## Task requirements
Write out each line below precisely, passing over the pictures.

## Source data

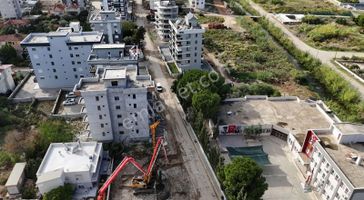 07 Truva Emlaktan Finike Sahilde Denize Yakın Geniş 1+1 Satılık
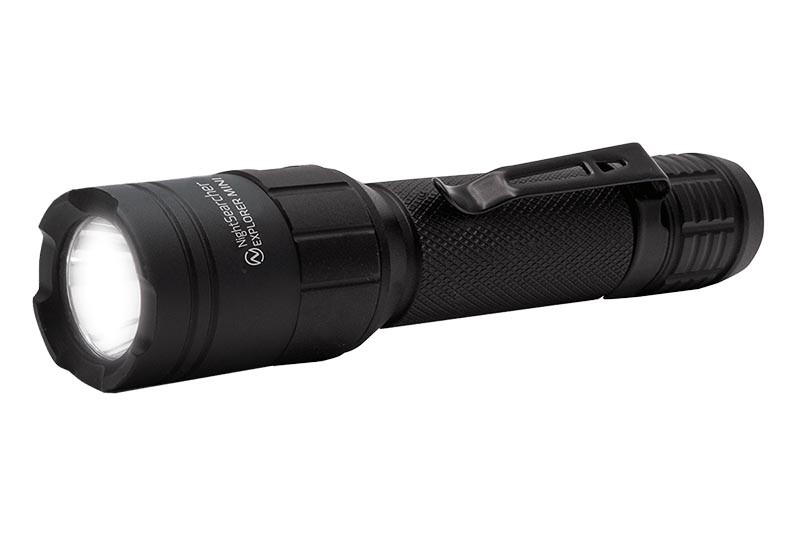 Linterna táctica NightSearcher Explorer Mini 400 lumens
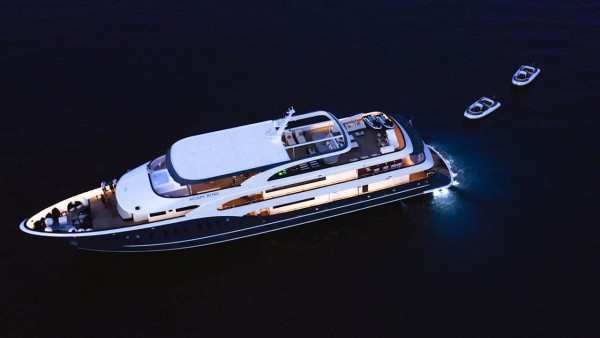 Yacht à moteur Agape Rose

## Solution for this problem
 07 Truva Emlaktan Finike Sahilde Denize Yakın Geniş 1+1 Satılık
 Linterna táctica NightSearcher Explorer Mini 400 lumens
 Yacht à moteur Agape Rose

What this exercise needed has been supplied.